Tel Aviv avrebbe deciso un cessate il fuoco parziale, di 12 ore, per ragioni umanitarie.
La proposta era stata avanzata dopo le pressioni degli Stati Uniti e del segretario dell’Onu Ban Ki-moon, seppure la tregua richiesta dalle Nazioni Unite fosse di sette giorni. Per il momento la Palestina “dovrà accontentarsi” di respirare bloccate di relativa serenità per mezza giornata.
Il numero dei morti palestinesi supera le 830 vittime, la gente cerca di arrancare un fortunoso rifugio dove capita.
Secondo alcuni analisti, il premier Netanyahu sarebbe disponibile a discutere.

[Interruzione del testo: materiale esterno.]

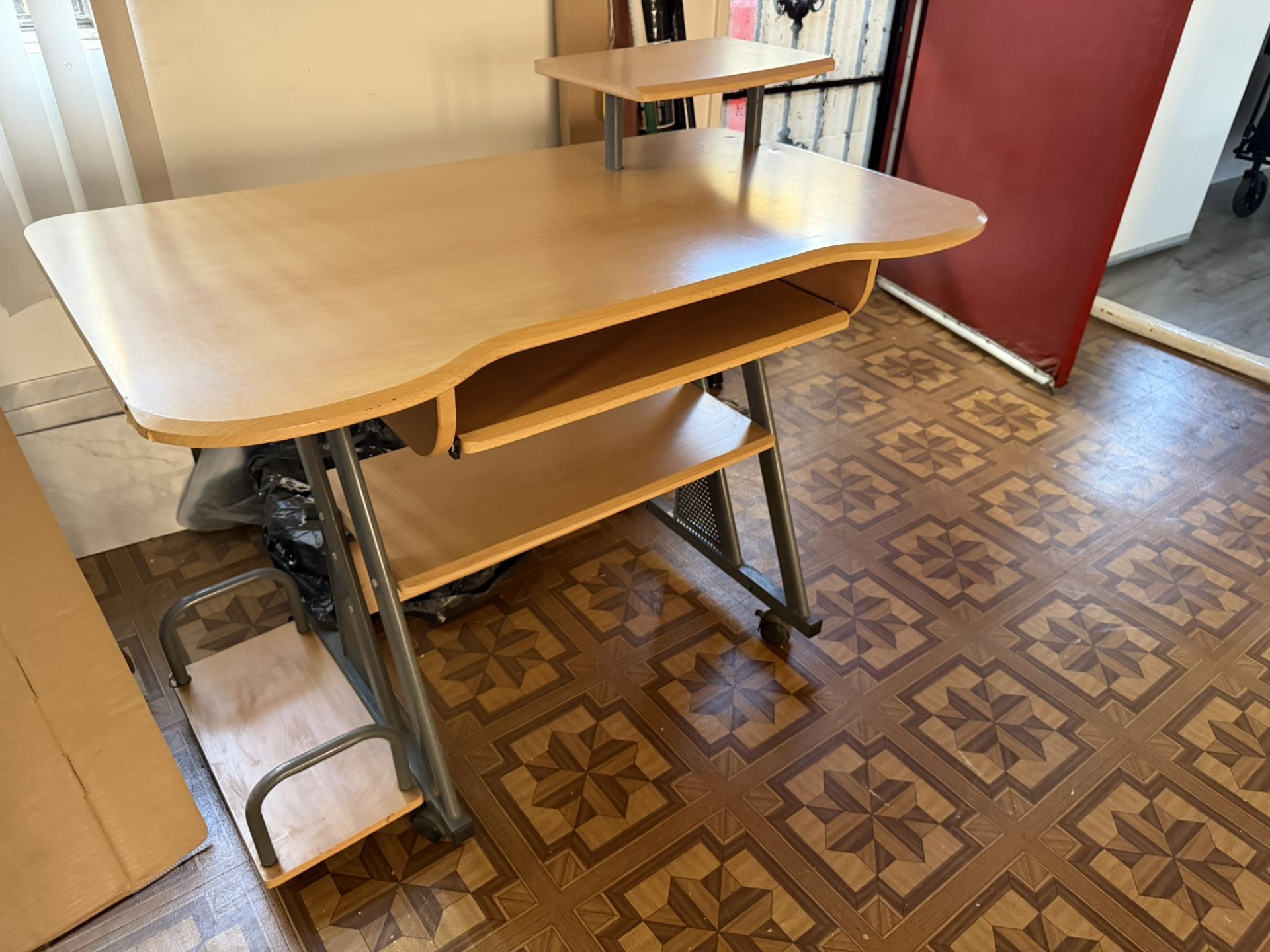 Computer/ Office Desk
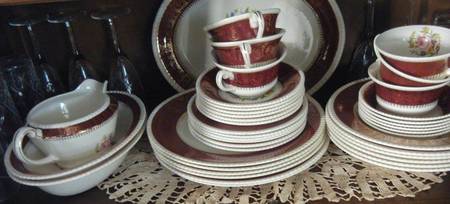 Athlone Maroon Flat Cup & Saucer Set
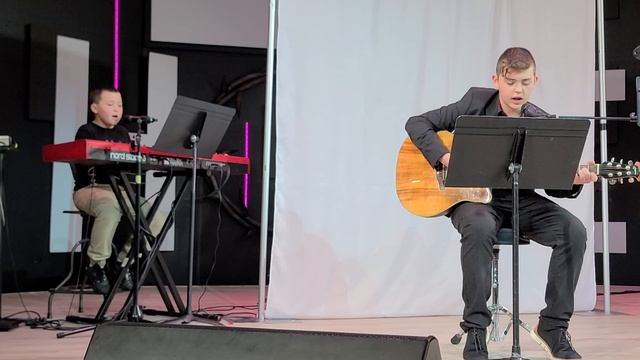 Казнили Христа, и в скале погребли.... смотреть онлайн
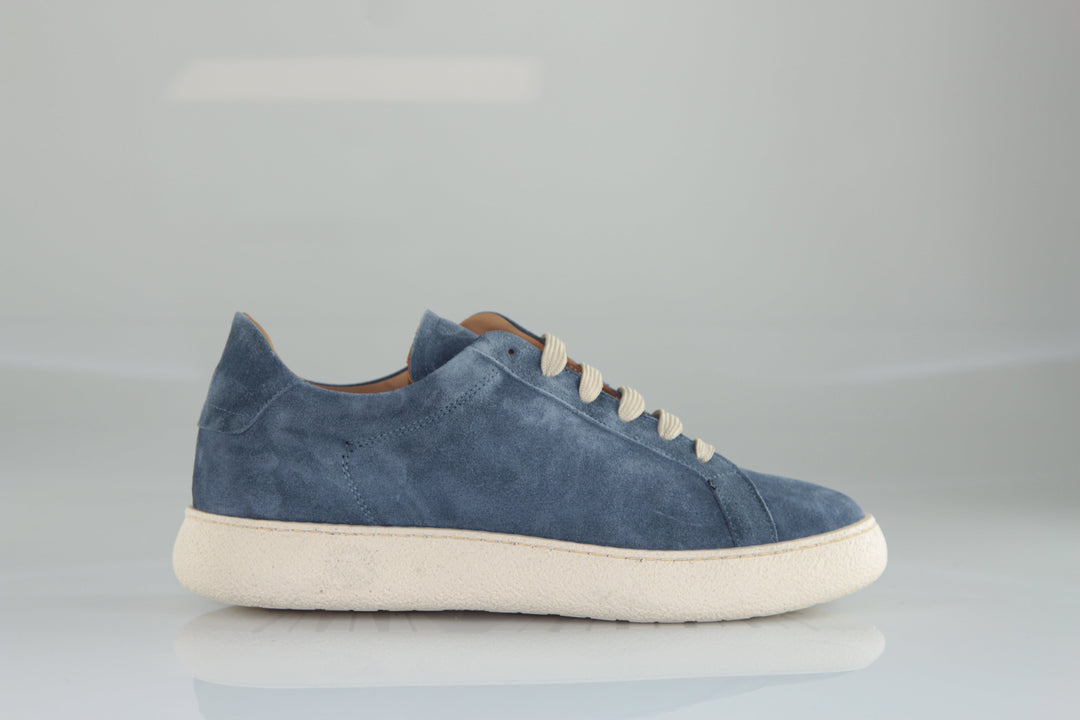 Sneakers casual-eleganti uomo azzurre, con rialzo invisibile di 6cm. Perfette per stile, comfort e versatilità.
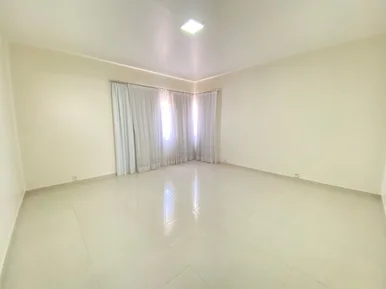 Casa Comercial à Venda 3 Quartos, 1 Suite, 2 Vagas, 545m², Centro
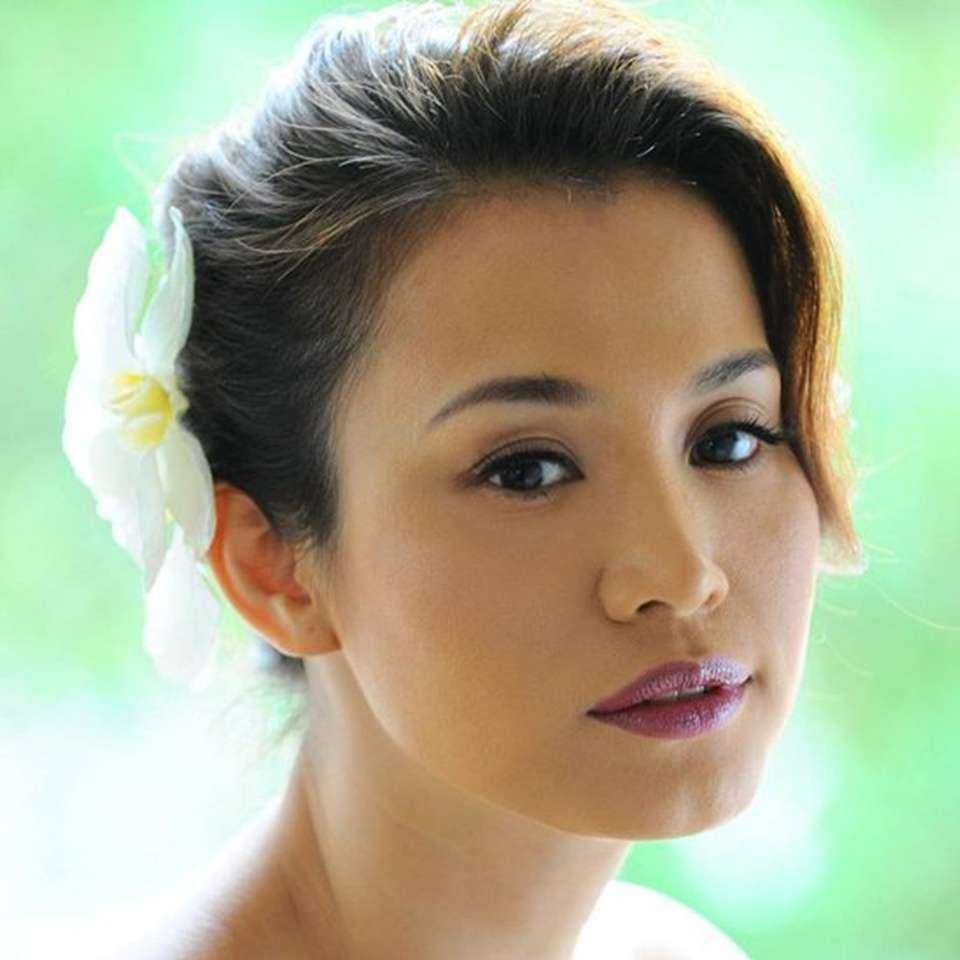 Hoa hậu Ngọc Khánh từ bỏ showbiz làm nông dân bên Mỹ với chồng Tây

Anche perché il numero di soldati morti ha comunque una ricaduta sulla società israeliana.
Il premier, però, avrebbe enormi difficoltà a far digerire la cosa alle ali più estreme del suo esecutivo.
Nella striscia regna la disperazione.
Ancora ed incessantemente.
“Guardate qua” – dice un uomo. – Non c‘è niente di peggio. Niente docce o bagni, niente di niente. Nemmeno gli animali potrebbero vivere in questa sporcizia”.

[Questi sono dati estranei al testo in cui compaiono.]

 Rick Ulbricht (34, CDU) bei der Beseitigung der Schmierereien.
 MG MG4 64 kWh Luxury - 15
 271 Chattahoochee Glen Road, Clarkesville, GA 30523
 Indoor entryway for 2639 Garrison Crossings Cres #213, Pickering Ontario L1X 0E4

In un attacco di Tsahal, lo scorso giovedì, su di una struttura dell’Onu gremita di profughi sono morte almeno 16 persone. Nonostante i rischi, però, i civili continuano a cercare rifugio in queste strutture.

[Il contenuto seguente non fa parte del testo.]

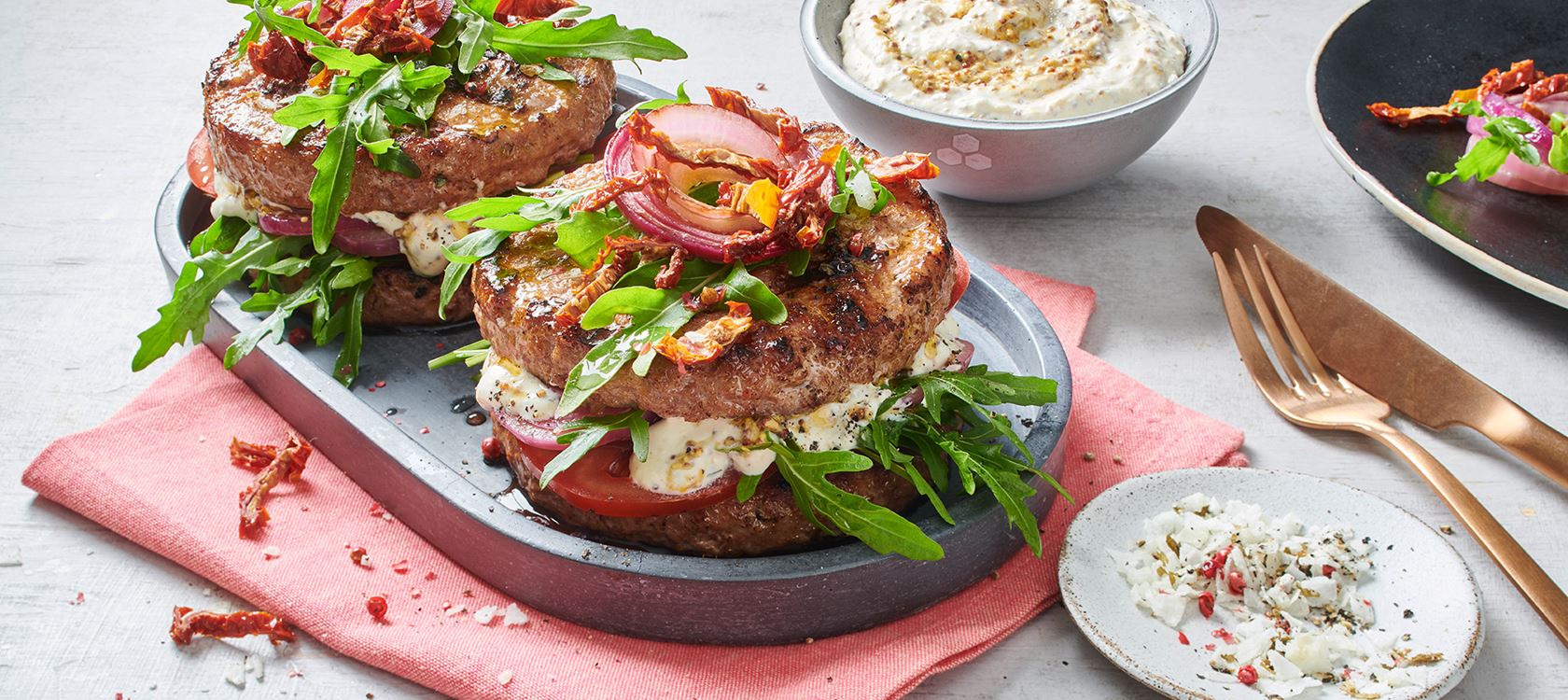 Double Burger mit „Arla Buko® des Jahres gerösteter Knoblauch mit Thymian“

Adesso dispongono di 12 ore per tentare quantomeno di trovare un rifugio più sicuro.
Provate a chiedervi come trascorrereste queste 12 ore in una terra in preda a morte, desolazione, distruzione e disperazione.
Impossibile scrollarsi di dosso l’atroce consapevolezza che potrebbero essere le ultime ore in cui pensieri, voce ed emozioni vengono espresse attraverso un corpo, di carne ed ossa, alimentato dalla paura e tenuto in vita dalla casualità.
Perché è chiaro che, da quelle parti, vivere o morire è la risultante finale di più o meno fortunose e maldestre combinazioni.
Ecco, perdendosi nel vano ed improduttivo tentativo di trovare una risposta, si arriva, in realtà, solo a percepire e concludere che, all’interno di una mezza giornata, non può essere frettolosamente agglomerato l’intero valore della vita umana.